How do you model custom attributes of entities?

Michal picture Michal · May 19, 2009 · Viewed 8.3k times · Source

Let's say we're having an application which should be able to store all kind of products. Each product has at least an ID and a Name but all other attributes can be defined by the user himself.

  1. E.g. He could create a productgroup Ipods which would contain attributes capacity and generation
  2. E.g. He could create a productgroup TShirts with the attributes size and color
  3. We need to store the definition of a product and the concrete products itself.
  4. We want to ensure that it is easily possible to aggregate (GROUP BY) by product attributes. E.g. select the total sum of capacity for each generation of ipods
  5. The solution must not require schema changes (added requirement due to input from Bill Karwin - see his answer as well!)

How would you model your schema in respect to the above requirements?

Note: Requirment 4. is important!

Thanks everyone for contributing and discussing the approach. I have seen some solutions to this problem in the past but none of them made grouping easy for me :(

Answer

Bill Karwin picture Bill Karwin · May 19, 2009

I'd recommend either the Concrete Table Inheritance or the Class Table Inheritance designs. Both designs satisfy all four of your criteria.

In Concrete Table Inheritance:

  1. Ipods are stored in table product_ipods with columns ID, Name, Capacity, Generation.
  2. Tshirts are stored in table product_tshirts with columns ID, Name, Size, Color.
  3. The definition of the concrete product types are in the metadata (table definitions) of product_ipods and product_tshirts.
  4. SELECT SUM(Capacity) FROM product_ipods GROUP BY Generation;

In Class Table Inheritance:

  1. Generic product attributes are stored in table Products with columns ID, Name.
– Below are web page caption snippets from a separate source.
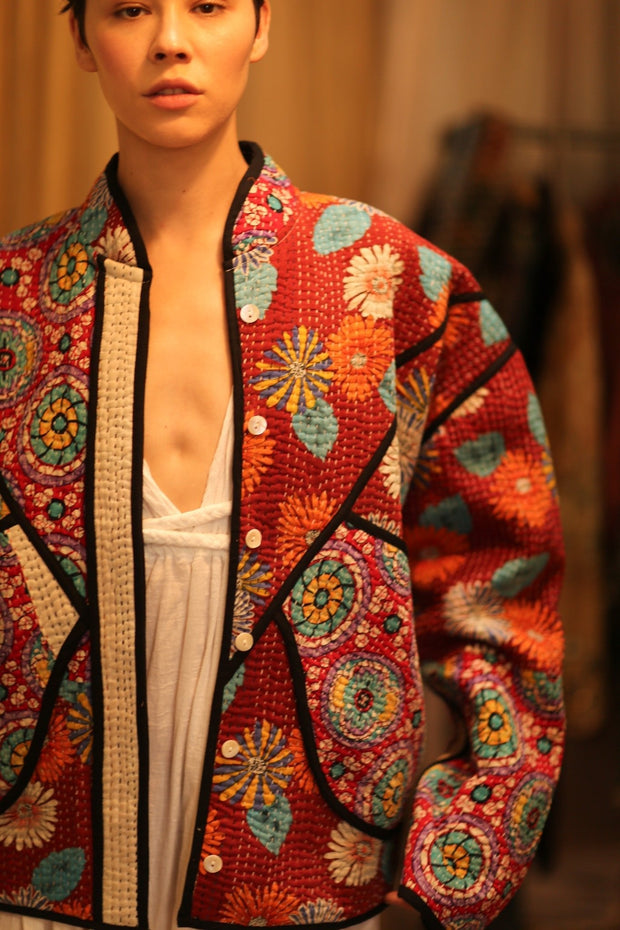 KANTHA JACCKET CANDY - MOMO STUDIO BERLIN - Berlin Concept Store - sustainable & ethical fashion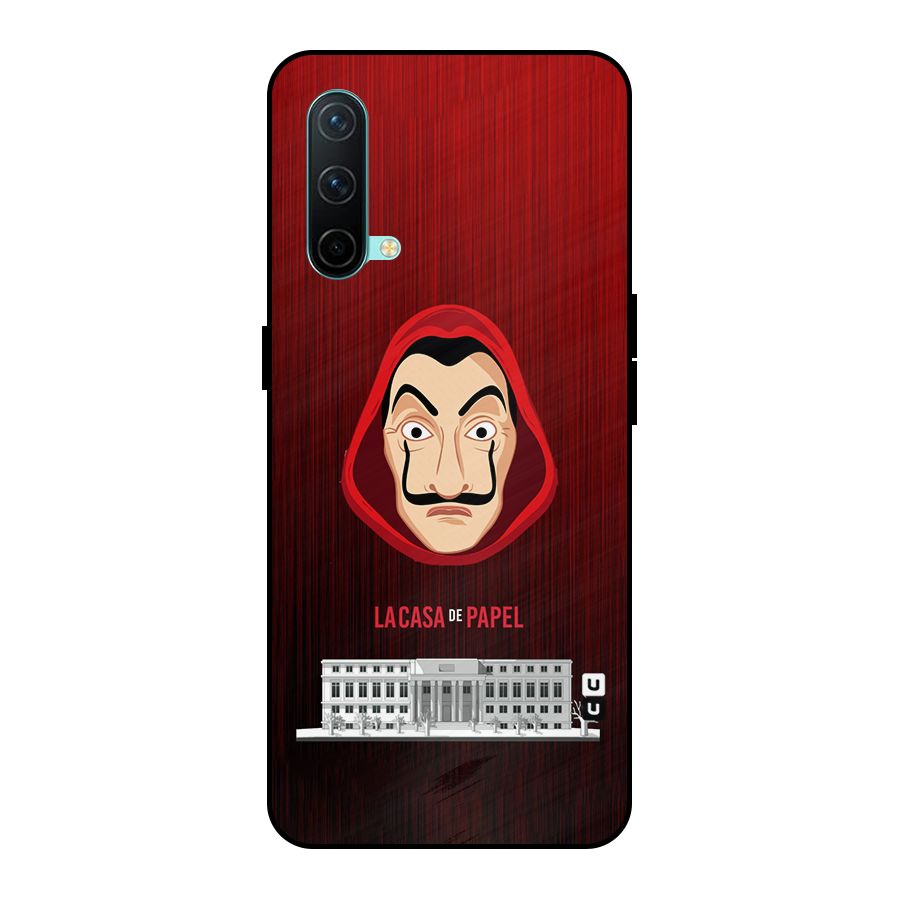 Lacasa Papel Minimalist Metal Back Case for OnePlus Nord CE 5G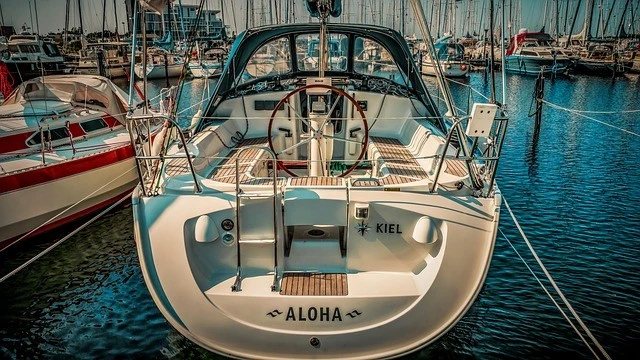 Yachts on the water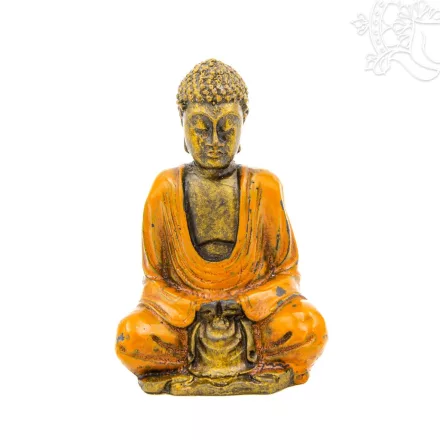 Amitabha Buddha színes rezin szobor - 9 cm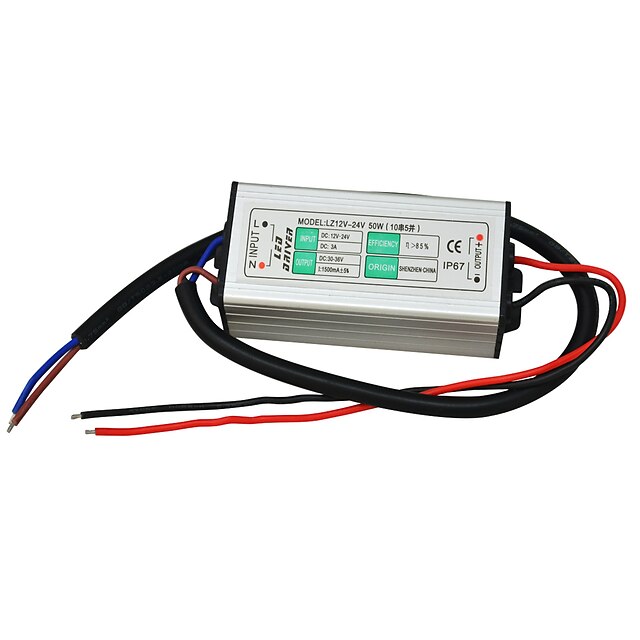  Jiawen 50 w 1500ma led voeding dc 12-24 v led constante stroom led driver adapter transformator (dc 30-36 v output)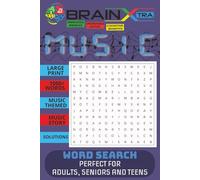 Music Word Search Puzzle Book: Word Searches with easy to Read Print about Music, music terms, music category and more, 6 X 9 inches, 110 pages, 50+ ... Times, Relief Anxiety Relief and Relaxation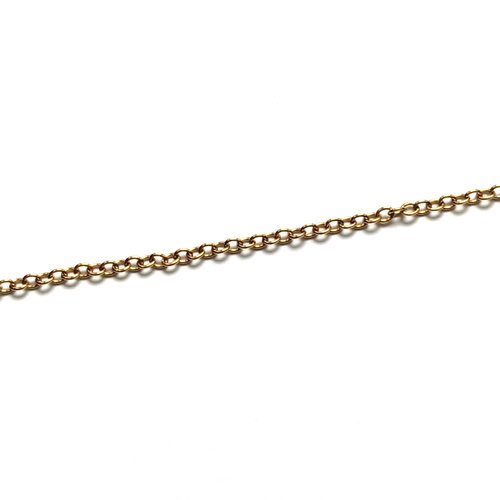 Chaîne maille ovale en acier inoxydable doré 2,5x2mm cha-45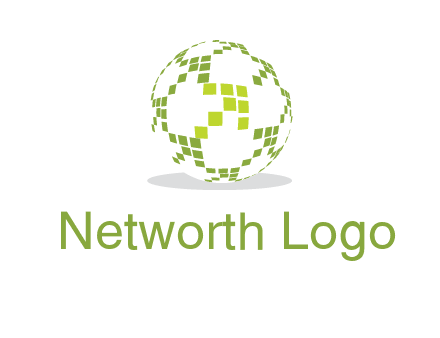 isolated pixels earth media logo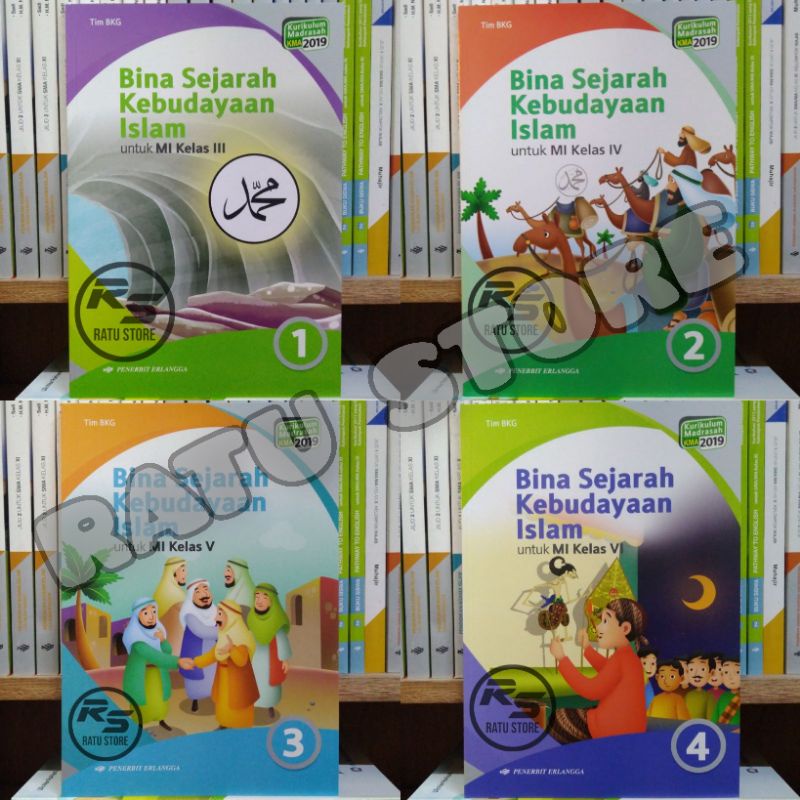 Jual Buku Bina SKI Sejarah Kebudayaan Islam MI Kelas 3 4 5 6 Edisi KMA ...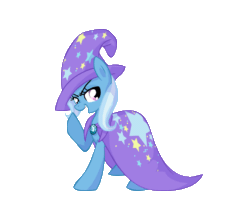 Size: 920x788 | Tagged: safe, artist:luga12345, derpibooru import, trixie, pony, animated, female, mare, open mouth, simple background, smiling, solo, transparent background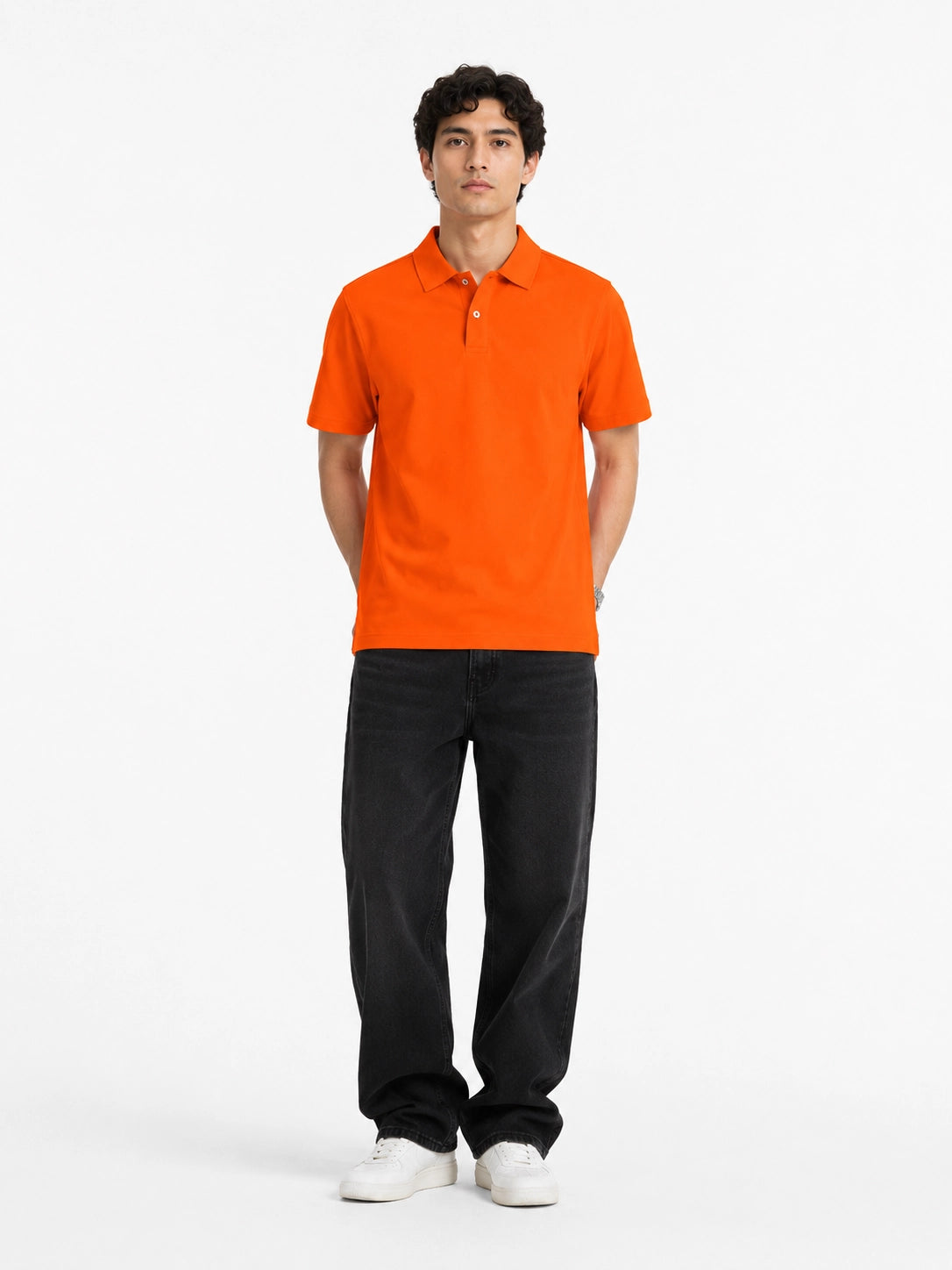 ORANGE - POLO TSHIRT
    Ipods are stored in table product_ipods with columns product_id (foreign key to Products.ID), Capacity, Generation.

  2. Tshirts are stored in table product_tshirts with columns product_id (foreign key to Products.ID), Size, Color.

  3. The definition of the concrete product types are in the metadata (table definitions) of products, product_ipods, and product_tshirts.

  4. SELECT SUM(Capacity) FROM product_ipods GROUP BY Generation;


See also my answer to "Product table, many kinds of product, each product has many parameters" where I describe several solutions for the type of problem you're describing. I also go into detail on exactly why EAV is a broken design.


Re comment from @dcolumbus:

With CTI, would each row of the product_ipods be a variation with it's own price?

I'd expect the price column to appear in the products table, if every type of product has a price. With CTI, the product type tables typically just have columns for attributes that pertain only to that type of product. Any attributes common to all product types get columns in the parent table.

Also, when storing order line items, would you then store the row from product_ipods as the line item?

In a line-items table, store the product id, which should be the same value in both the products table and the product_ipods table.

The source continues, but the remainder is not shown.